* To do *
What lines below contain the string "sale"? List them all.

** Data records follows **

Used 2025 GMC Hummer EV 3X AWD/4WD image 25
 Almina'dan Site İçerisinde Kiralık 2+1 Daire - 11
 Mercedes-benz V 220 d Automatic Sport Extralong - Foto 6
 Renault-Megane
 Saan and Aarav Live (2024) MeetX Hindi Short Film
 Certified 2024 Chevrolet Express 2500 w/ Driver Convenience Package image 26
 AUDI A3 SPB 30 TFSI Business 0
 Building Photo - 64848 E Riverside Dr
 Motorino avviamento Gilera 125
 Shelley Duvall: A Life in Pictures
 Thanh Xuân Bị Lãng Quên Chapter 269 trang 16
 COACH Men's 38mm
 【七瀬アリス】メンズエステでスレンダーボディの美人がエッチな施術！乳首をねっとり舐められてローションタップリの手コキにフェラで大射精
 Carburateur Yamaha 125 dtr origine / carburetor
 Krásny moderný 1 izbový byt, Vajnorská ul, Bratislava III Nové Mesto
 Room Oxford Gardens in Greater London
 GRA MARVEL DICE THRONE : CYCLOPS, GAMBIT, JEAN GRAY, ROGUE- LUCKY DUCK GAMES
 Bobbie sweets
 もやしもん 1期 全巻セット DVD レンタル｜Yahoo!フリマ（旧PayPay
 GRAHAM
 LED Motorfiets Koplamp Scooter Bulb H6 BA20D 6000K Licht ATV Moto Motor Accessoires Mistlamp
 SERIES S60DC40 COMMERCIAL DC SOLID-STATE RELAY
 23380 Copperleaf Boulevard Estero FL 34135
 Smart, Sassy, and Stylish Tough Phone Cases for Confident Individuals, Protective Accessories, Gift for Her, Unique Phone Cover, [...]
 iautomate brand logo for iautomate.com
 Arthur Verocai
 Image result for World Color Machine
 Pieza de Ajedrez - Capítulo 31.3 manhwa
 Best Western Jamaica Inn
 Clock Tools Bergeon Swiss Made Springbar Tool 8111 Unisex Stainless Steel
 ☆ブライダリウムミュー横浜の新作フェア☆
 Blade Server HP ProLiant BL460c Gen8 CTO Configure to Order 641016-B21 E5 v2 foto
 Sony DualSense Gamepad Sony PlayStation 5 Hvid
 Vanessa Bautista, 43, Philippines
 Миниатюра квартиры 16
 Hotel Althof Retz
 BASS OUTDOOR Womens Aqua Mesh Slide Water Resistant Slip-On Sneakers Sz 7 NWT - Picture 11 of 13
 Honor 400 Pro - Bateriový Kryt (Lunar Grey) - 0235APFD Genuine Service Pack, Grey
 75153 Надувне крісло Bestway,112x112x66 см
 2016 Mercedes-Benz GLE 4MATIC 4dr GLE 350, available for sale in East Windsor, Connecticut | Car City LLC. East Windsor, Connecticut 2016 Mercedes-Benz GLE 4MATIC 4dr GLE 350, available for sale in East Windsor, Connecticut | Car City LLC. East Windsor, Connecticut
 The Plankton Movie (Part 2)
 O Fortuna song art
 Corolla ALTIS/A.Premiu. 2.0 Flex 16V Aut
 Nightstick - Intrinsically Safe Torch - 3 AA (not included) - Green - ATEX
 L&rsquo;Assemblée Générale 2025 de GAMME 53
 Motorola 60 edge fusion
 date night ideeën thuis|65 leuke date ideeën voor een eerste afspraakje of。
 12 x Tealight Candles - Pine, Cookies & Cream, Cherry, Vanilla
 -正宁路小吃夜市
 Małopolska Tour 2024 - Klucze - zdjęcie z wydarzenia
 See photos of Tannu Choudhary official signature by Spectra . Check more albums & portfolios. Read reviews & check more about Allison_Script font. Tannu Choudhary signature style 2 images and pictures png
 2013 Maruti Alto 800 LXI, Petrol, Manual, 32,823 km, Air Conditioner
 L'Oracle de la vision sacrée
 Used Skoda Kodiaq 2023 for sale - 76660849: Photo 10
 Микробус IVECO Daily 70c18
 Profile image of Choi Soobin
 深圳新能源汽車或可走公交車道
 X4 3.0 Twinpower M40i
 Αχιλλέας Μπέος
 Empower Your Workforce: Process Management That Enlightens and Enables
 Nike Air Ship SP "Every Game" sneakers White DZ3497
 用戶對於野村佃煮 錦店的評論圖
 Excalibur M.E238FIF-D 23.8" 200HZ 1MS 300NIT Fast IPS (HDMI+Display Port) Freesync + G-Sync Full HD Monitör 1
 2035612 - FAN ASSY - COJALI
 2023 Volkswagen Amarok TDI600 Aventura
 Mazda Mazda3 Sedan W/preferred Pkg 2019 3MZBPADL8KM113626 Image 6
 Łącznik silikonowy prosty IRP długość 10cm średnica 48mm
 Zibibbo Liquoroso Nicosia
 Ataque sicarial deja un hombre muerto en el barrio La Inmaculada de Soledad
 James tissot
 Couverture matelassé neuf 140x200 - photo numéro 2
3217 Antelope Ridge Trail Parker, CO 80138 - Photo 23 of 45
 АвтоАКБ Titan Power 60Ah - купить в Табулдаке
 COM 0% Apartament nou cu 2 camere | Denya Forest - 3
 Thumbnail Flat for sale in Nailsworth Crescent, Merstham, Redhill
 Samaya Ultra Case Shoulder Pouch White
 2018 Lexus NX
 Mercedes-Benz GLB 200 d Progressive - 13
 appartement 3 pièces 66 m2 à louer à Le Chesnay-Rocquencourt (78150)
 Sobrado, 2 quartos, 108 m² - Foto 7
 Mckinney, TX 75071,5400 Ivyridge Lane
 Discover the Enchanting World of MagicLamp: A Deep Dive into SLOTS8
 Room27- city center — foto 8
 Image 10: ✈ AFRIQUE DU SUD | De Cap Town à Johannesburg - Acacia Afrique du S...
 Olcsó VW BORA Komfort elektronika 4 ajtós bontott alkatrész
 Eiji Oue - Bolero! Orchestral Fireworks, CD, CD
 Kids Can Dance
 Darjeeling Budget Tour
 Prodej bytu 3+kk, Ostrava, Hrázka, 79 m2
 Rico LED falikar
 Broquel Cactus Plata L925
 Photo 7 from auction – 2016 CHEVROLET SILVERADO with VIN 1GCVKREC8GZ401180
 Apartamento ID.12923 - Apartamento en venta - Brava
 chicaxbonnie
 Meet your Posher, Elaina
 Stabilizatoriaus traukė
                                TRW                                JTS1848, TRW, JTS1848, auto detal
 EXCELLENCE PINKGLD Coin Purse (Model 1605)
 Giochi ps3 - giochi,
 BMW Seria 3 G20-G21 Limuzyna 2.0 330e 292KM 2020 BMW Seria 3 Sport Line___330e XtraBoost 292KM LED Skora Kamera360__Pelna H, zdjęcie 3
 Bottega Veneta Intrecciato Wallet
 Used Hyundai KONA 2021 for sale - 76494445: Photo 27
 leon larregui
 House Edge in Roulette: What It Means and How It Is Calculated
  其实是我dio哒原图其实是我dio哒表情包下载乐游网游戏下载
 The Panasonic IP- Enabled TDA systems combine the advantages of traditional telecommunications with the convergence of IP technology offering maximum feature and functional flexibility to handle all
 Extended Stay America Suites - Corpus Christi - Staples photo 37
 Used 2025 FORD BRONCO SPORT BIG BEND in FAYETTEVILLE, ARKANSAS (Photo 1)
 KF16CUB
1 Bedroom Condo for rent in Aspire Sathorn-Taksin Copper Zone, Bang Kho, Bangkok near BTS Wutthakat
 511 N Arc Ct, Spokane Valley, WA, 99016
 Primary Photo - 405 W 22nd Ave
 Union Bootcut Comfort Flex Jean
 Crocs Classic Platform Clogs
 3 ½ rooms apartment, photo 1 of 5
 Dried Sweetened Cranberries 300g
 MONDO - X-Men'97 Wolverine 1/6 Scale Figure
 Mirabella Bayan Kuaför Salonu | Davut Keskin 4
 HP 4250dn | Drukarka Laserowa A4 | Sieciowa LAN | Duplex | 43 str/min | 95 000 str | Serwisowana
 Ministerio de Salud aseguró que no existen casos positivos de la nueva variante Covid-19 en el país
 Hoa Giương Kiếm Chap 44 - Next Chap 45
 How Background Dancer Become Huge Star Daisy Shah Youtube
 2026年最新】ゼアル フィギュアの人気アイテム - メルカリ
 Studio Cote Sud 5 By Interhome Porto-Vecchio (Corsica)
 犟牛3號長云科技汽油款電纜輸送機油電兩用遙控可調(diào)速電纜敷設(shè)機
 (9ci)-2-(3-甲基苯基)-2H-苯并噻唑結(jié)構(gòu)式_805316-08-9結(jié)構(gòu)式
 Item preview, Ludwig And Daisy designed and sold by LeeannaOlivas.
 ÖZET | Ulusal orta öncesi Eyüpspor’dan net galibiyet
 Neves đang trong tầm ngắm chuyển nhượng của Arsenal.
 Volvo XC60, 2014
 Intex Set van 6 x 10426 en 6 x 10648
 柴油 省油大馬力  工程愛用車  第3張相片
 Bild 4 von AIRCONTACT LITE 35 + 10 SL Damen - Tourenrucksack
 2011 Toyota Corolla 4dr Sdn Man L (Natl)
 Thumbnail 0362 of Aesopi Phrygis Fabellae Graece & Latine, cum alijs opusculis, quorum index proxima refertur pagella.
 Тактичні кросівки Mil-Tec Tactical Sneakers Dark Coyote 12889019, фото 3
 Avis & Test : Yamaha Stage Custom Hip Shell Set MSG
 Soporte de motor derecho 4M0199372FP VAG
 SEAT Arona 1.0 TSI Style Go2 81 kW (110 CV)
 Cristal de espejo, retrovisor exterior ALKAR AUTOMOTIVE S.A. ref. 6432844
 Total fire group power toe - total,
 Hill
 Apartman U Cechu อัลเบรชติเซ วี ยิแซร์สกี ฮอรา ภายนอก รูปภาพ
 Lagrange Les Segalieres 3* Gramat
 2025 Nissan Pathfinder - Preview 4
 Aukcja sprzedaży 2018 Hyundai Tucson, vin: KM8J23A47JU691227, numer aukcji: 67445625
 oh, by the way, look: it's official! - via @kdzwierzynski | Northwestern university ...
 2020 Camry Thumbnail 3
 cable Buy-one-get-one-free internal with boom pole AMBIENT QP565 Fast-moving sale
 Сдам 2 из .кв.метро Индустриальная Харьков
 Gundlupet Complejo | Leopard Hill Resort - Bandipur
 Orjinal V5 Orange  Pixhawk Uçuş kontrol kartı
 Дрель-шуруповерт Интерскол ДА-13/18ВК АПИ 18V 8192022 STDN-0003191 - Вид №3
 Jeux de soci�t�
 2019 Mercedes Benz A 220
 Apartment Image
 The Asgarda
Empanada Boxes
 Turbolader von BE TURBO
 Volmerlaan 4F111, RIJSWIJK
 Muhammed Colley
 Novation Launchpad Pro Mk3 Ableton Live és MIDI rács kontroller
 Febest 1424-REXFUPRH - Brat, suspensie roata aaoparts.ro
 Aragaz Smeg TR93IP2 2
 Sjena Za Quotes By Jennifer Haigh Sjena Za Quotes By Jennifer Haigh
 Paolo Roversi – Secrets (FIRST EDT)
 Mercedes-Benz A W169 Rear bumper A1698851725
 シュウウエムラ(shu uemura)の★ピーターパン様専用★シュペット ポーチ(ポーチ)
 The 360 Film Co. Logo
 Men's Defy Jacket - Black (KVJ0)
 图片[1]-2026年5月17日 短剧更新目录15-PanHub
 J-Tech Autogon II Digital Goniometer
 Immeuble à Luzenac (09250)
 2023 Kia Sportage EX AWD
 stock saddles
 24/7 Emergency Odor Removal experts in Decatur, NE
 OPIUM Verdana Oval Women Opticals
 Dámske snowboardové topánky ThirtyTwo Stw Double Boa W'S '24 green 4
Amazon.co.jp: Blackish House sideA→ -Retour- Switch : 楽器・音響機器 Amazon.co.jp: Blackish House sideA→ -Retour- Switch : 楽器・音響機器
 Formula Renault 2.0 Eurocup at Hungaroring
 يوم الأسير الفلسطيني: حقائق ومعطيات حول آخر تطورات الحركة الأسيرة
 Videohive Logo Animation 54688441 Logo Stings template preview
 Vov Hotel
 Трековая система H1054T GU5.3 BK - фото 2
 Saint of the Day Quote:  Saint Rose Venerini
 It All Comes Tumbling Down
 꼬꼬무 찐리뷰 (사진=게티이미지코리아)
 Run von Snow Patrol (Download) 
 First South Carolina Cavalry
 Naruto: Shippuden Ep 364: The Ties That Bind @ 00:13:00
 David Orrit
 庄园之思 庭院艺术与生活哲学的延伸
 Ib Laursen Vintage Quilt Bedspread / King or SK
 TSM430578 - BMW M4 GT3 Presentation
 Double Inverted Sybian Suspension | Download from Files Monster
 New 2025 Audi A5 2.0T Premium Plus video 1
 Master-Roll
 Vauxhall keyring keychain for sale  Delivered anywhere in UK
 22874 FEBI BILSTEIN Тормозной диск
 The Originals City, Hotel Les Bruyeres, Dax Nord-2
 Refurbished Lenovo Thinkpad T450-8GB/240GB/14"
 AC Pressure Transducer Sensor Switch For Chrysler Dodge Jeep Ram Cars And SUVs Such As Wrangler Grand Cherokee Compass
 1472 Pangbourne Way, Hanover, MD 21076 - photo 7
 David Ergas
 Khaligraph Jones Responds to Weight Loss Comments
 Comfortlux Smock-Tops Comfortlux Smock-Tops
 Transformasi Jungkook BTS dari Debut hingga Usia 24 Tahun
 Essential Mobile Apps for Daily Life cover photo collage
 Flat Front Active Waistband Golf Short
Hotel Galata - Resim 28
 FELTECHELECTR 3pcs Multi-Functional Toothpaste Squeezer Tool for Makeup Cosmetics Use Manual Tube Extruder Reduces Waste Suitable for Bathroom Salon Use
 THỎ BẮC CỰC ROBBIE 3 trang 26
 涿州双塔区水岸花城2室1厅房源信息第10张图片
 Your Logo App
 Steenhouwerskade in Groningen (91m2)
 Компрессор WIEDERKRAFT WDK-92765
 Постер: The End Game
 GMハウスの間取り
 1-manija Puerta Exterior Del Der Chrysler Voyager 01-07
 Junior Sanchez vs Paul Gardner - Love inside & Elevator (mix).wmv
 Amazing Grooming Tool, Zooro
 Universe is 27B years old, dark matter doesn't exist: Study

** End of Data records **

* Your solution *
 2016 Mercedes-Benz GLE 4MATIC 4dr GLE 350, available for sale in East Windsor, Connecticut | Car City LLC. East Windsor, Connecticut 2016 Mercedes-Benz GLE 4MATIC 4dr GLE 350, available for sale in East Windsor, Connecticut | Car City LLC. East Windsor, Connecticut
 Used Skoda Kodiaq 2023 for sale - 76660849: Photo 10
 Thumbnail Flat for sale in Nailsworth Crescent, Merstham, Redhill
 Used Hyundai KONA 2021 for sale - 76494445: Photo 27
 cable Buy-one-get-one-free internal with boom pole AMBIENT QP565 Fast-moving sale
 Vauxhall keyring keychain for sale  Delivered anywhere in UK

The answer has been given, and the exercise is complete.